Jacques will be, like you, a man of the highest education, possessed of the worthiest knowledge; he will be, like you, an honor to his country, which he may assist in governing, helped by you, whose standing will be so high; but I will strive to make him faithful to his first affections. Madeleine, dear creature, has a noble heart; she is pure as the snows on the highest Alps; she will have a woman's devotion and a woman's graceful intellect. She is proud; she is worthy of being a Lenoncourt. My motherhood, once so tried, so tortured, is happy now, happy with an infinite happiness, unmixed with pain. Yes, my life is full, my life is rich. You see, God makes my joy to blossom in the heart of these sanctified affections, and turns to bitterness those that might have led me astray--""Good!" cried the abbe, joyfully. "Monsieur le vicomte begins to know as much as I--"Just then Jacques coughed.
"Enough for to-day, my dear abbe," said the countess, "above all, no chemistry. Go for a ride on horseback, Jacques," she added, letting her son kiss her with the tender and yet dignified pleasure of a mother. "Go, dear, but take care of yourself.""But," I said, as her eyes followed Jacques with a lingering look, "you have not answered me. Do you feel ill?""Oh, sometimes, in my stomach. If I were in Paris I should have the honors of gastritis, the fashionable disease.""My mother suffers very much and very often," said Madeleine.

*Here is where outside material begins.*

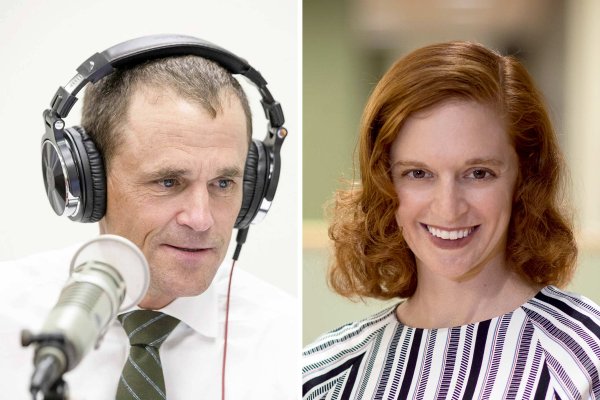 UVA President Jim Ryan and professor Rachel Wahl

"Ah!" she said, "does my health interest you?"Madeleine, astonished at the irony of these words, looked from one to the other; my eyes counted the roses on the cushion of the gray and green sofa which was in the salon.
"This situation is intolerable," I whispered in her ear.
"Did I create it?" she asked. "Dear child," she said aloud, with one of those cruel levities by which women point their vengeance, "don't you read history? France and England are enemies, and ever have been.
Madeleine knows that; she knows that a broad sea, and a cold and stormy one, separates them."The vases on the mantelshelf had given place to candelabra, no doubt to deprive me of the pleasure of filling them with flowers; I found them later in my own room. When my servant arrived I went out to give him some orders; he had brought me certain things I wished to place in my room.